● **HOW TO COMPLETE THIS TASK**
With the pictures removed, write out the data below exactly.

● **DATASET CONTENT**
____________

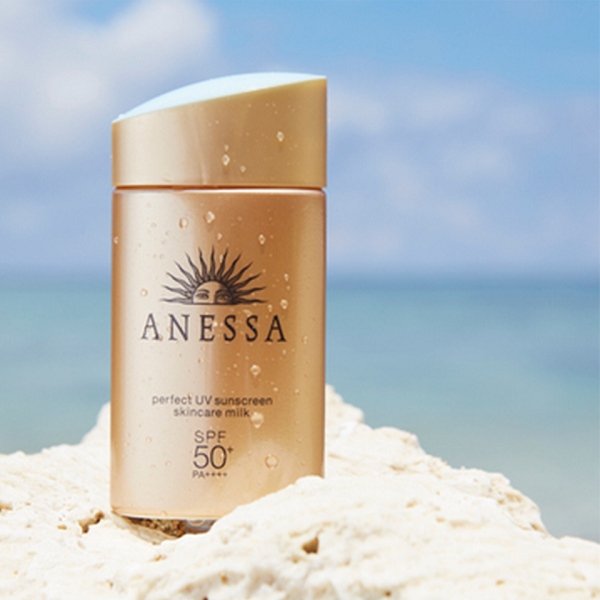Kem chống nắng Anessa Perfect UV Sunscreen Skincare Milk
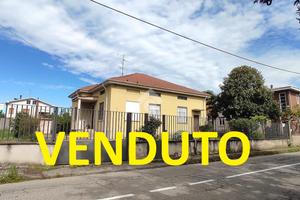 CASA INDIPENDENTE A LONATE POZZOLO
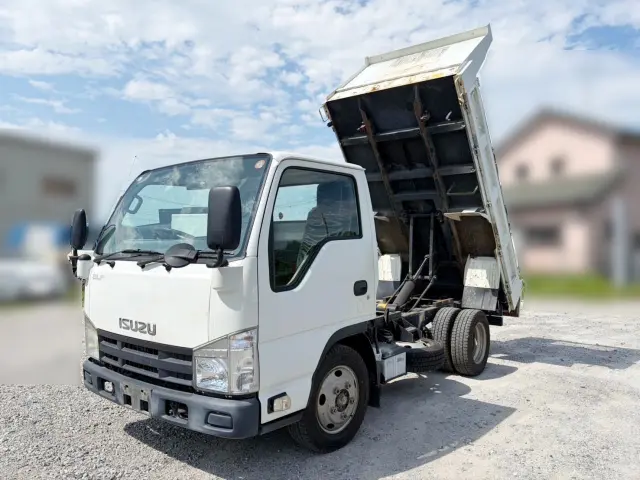 いすゞ エルフ TKG-NJR85AD(2WD)の写真1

____________

● **SOLUTION TO THIS EXERCISE**
Kem chống nắng Anessa Perfect UV Sunscreen Skincare Milk
 CASA INDIPENDENTE A LONATE POZZOLO
 いすゞ エルフ TKG-NJR85AD(2WD)の写真1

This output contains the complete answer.